== About this exercise ==
Each line of the data below from the one holding "POSTAL PV02973: Cementerio" to the one holding "TEAL GREEN WINDSOR DRESS", inclusive, is to be reproduced exactly; no other line belongs in the answer.

── Available data

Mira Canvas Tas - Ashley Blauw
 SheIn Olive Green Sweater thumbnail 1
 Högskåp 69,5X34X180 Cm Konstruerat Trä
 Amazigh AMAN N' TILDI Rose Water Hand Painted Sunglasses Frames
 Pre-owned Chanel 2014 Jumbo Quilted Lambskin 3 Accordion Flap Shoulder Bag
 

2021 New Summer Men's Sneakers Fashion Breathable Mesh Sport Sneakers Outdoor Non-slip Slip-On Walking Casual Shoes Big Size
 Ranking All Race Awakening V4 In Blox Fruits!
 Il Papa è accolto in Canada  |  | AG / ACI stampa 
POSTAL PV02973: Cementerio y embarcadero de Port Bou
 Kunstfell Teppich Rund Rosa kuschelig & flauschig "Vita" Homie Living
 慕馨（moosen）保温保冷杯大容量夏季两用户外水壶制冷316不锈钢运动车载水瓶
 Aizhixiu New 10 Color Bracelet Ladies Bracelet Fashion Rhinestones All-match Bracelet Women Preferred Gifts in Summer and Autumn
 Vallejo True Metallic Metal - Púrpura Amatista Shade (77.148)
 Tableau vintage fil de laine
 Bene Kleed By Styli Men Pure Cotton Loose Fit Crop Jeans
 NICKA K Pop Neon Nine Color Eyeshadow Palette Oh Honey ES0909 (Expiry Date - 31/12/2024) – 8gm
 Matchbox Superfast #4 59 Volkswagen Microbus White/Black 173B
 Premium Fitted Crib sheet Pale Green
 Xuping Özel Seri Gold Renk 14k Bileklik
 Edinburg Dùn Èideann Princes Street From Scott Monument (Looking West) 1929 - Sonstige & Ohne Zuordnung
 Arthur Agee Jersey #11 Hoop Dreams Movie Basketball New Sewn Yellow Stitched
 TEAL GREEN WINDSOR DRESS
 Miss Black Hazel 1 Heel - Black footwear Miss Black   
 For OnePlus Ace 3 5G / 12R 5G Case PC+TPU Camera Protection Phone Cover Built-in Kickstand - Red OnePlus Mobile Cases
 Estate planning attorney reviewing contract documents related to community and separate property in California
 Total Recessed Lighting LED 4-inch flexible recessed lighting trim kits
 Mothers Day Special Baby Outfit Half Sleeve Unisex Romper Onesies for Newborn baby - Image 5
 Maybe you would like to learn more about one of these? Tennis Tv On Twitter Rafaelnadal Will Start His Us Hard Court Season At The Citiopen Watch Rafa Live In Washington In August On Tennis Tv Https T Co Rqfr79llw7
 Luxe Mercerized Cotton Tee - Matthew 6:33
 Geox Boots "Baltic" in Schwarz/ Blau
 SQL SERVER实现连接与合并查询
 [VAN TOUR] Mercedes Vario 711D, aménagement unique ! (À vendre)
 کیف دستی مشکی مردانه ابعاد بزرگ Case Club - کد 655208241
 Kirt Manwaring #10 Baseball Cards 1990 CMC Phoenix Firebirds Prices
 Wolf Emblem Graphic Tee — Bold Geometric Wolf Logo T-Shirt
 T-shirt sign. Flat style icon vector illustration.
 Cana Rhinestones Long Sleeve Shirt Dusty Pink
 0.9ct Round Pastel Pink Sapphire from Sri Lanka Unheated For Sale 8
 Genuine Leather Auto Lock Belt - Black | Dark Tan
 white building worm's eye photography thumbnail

────

== Response to the exercise ==
POSTAL PV02973: Cementerio y embarcadero de Port Bou
 Kunstfell Teppich Rund Rosa kuschelig & flauschig "Vita" Homie Living
 慕馨（moosen）保温保冷杯大容量夏季两用户外水壶制冷316不锈钢运动车载水瓶
 Aizhixiu New 10 Color Bracelet Ladies Bracelet Fashion Rhinestones All-match Bracelet Women Preferred Gifts in Summer and Autumn
 Vallejo True Metallic Metal - Púrpura Amatista Shade (77.148)
 Tableau vintage fil de laine
 Bene Kleed By Styli Men Pure Cotton Loose Fit Crop Jeans
 NICKA K Pop Neon Nine Color Eyeshadow Palette Oh Honey ES0909 (Expiry Date - 31/12/2024) – 8gm
 Matchbox Superfast #4 59 Volkswagen Microbus White/Black 173B
 Premium Fitted Crib sheet Pale Green
 Xuping Özel Seri Gold Renk 14k Bileklik
 Edinburg Dùn Èideann Princes Street From Scott Monument (Looking West) 1929 - Sonstige & Ohne Zuordnung
 Arthur Agee Jersey #11 Hoop Dreams Movie Basketball New Sewn Yellow Stitched
 TEAL GREEN WINDSOR DRESS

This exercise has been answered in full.